Build a WS Client that you can use to interact with your WS Server. The first step is to create a simple route with your websocket server information:
use Illuminate\Support\Facades\Route;
use Illuminate\Support\Facades\Auth;
Route::get('/ws-client', function () {
Auth::loginUsingId(1); // here we authorize for the sake of the example.
$protocol = config('jacked-server.ssl-enabled') ? 'wss' : 'ws';
$port = config('jacked-server.ssl-enabled') ? config('jacked-server.ssl-port') : config('jacked-server.port');
return view('ws-client', [
'protocol' => $protocol,
'uri' => '127.0.0.1',
'wsPort' => $port,
'channel' => 'private-actions-channel',
]);
});
Step 6:
This is a step from the Conveyor Laravel Broadcaster package. Make sure to check at that documentation.
Implement your sample blade template that interacts with this websocket service, properly authorizing an interacting with the channel (resources/views/ws-client.blade.php
):
<html>
<head>
<title>WS Client</title>
@vite(['resources/css/app.css', 'resources/js/app.js'])
</head>
<body>
<textarea id="msg"></textarea>
<button id="btn-base">Base</button>
<button id="btn-broadcast">Broadcast</button>
<ul id="output"></ul>
<script type="text/javascript">
// page elements
const msg = document.getElementById('msg')
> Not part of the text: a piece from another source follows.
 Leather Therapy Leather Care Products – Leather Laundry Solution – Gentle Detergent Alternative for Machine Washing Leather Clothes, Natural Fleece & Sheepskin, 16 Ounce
const btnBase = document.getElementById('btn-base')
const btnBroadcast = document.getElementById('btn-broadcast')
const output = document.getElementById('output')
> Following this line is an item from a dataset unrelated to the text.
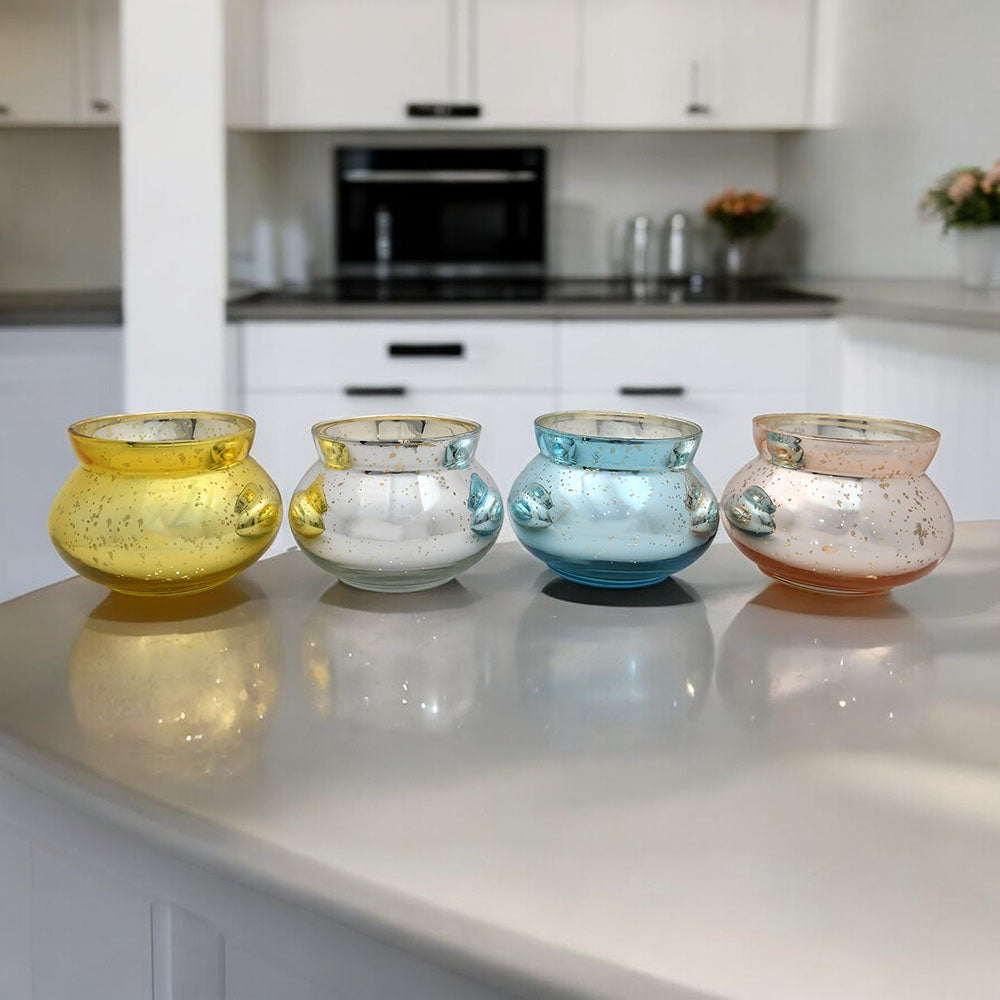 Mango Homes Newest Fancy Mercury Tealight Glass Candle Holder(Multicolour)Perfect for Home Decor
const connect = (token) => {
let conveyor = new window.Conveyor({
protocol: '{{ $protocol }}',
uri: '{{ $uri }}',
port: {{ $wsPort }},
channel: '{{ $channel }}',
query: '?token=' + token,
onMessage: (e) => output.innerHTML = e,
onReady: () => {
btnBase.addEventListener('click', () => conveyor.send(msg.value))
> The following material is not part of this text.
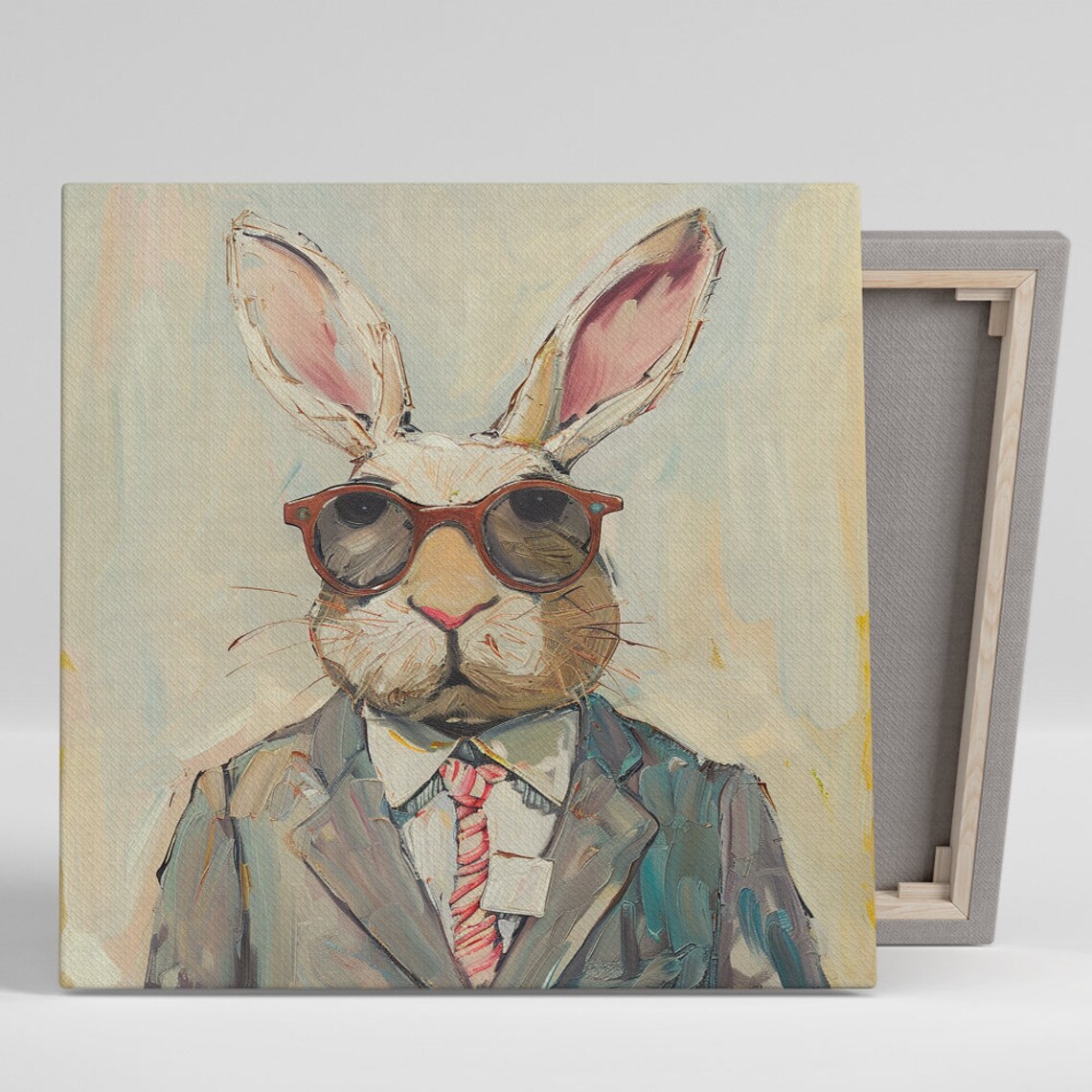 Dapper Hipster Bunny Suit Sunglasses Funny Animal Portrait Poster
btnBroadcast.addEventListener('click', () => conveyor.send(msg.value, 'broadcast-action'))
},
});
};
const getAuth = (callback) => {
fetch('/broadcasting/auth?channel_name={{ $channel }}', {
headers: {
'Accept': 'application/json',
},
})
.then(response => response.json())
.then(data => callback(data.auth))
.catch(error => console.error(error));
}
document.addEventListener("DOMContentLoaded", () => getAuth(connect));
</script>
</body>
</html>
Step 7:
This is a step from the Conveyor Laravel Broadcaster package. Make sure to check at that documentation.
Now you protect your channel with a "channel route" (a specific laravel detail). You do this by adding the following to your routes/channels.php
:
use App\Models\User;
use Illuminate\Support\Facades\Broadcast;
Broadcast::channel('actions-channel', function (User $user) {
return true; // we are authorizing any user here
});
Step 8:
Enable Broadcaster at the config/jacked-server.php
:
<?php
[
// ...
'websocket' => [
// ...
'broadcaster' => true,
],
]
Step 9:
Run the server:
php artisan jacked:server
Step 9:
Now visit the /ws-client
route. You should be able to interact with the WebSocket server there.